Erst vor wenigen Tagen, nach über zwei Monaten also, konnten wir endlich meine geliebte Maschine zurückholen. Gott, ich hätte weinen können vor Freude. Die Batterie sprang nach dem zweiten Startversuch sofort an. Bis auf - höchstwahrscheinlich verstrahltem - Dreck vom Regen und Schnee war die Maschine tiptop. Halt eine FJR! Das einzige Problem: Ich hatte in der Eile und aus Erschöpfung meinen Helm samt klitschnassen Handschuhen in meinem Seitenkoffer verstaut. Könnt Ihr Euch vorstellen, was mich erwartete, als ich den nach über zwei Monaten wieder hervorholte? .......
Soweit eine kurze zusammenfassende Schilderung meines FJR-Katastropheneinsatzes.

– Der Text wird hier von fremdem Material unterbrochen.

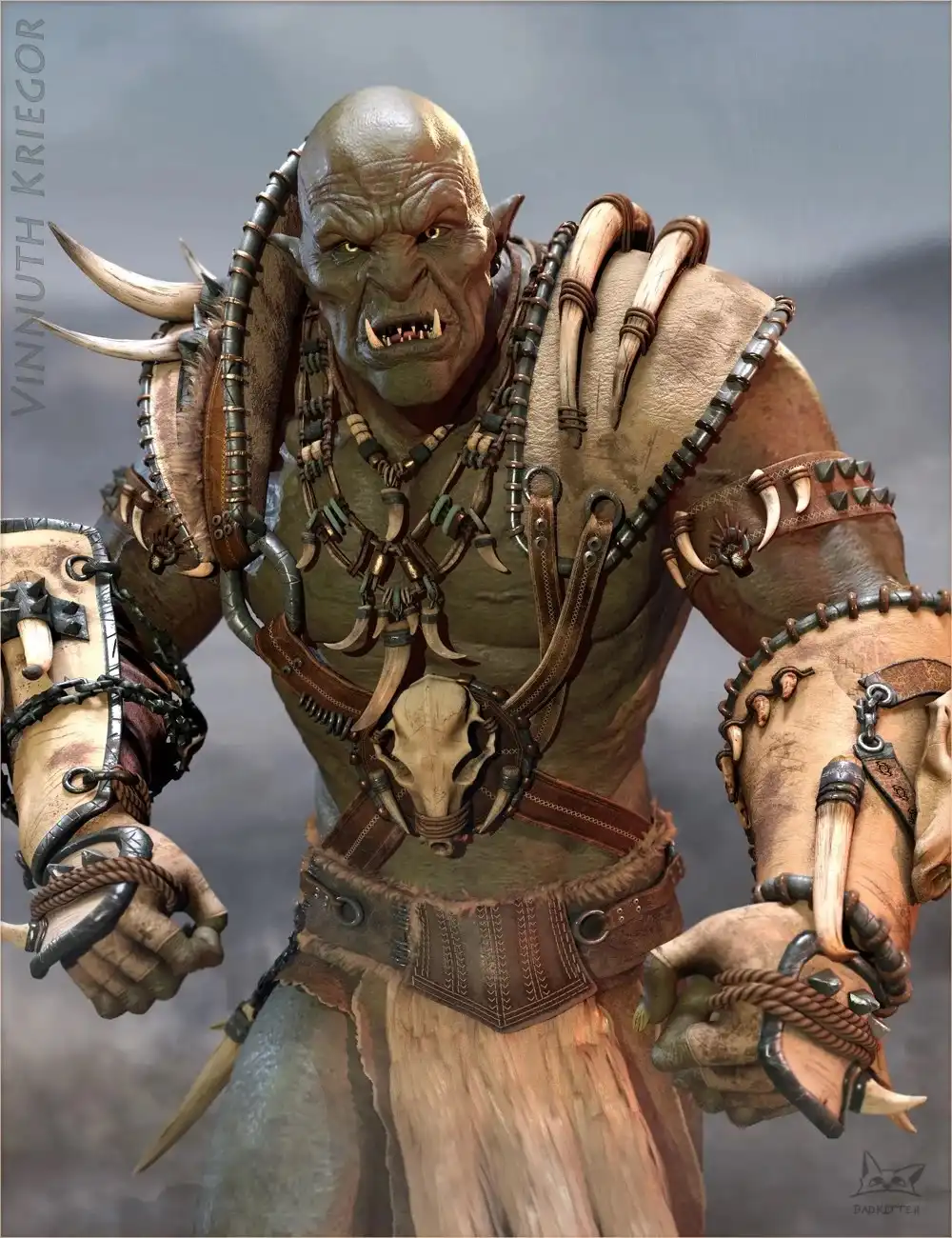 Vinnuth Kriegor Battle Mega Armor for Genesis 8 Male(s)_DAZ3DDL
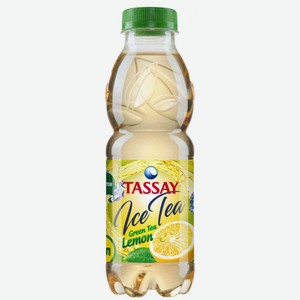 Холодный чай зелёный Tassay с лимоном, 0,5 л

Doch die Katastrophe selbst ist noch lange nicht vorbei, auch wenn andere Themen bei Euch inzwischen im Vordergrund stehen. Die Strahlengefahr ist nicht gebannt, im Gegenteil, an immer mehr Orten, auch weit von Fukushima entfernt, werden erhöhte Strahlen gemessen. Aber das Leben geht weiter. Muss weiter gehen. Meine Kinder sind inzwischen wieder in der Schule und ich normal am Arbeiten. Vergangene Woche war ich wieder im Katastrophengebiet in einem Evakuierungsort und reise nächste Woche erneut dorthin. Noch immer leben über 90 000 Menschen in den Notlagern, für diese Menschen ist es am Schlimmsten. Und doch bewahren sie selbst in der größten Not ihren Anstand und einen unglaublichen Durchhaltewillen, von Panik ist nachwievor keine Spur. Dieser Zusammenhalt der Menschen hier ist die eigentliche Stärke dieses Landes. Deswegen bin ich auch fest davon überzeugt, dass Japan am Ende auch diese Krise überwinden wird.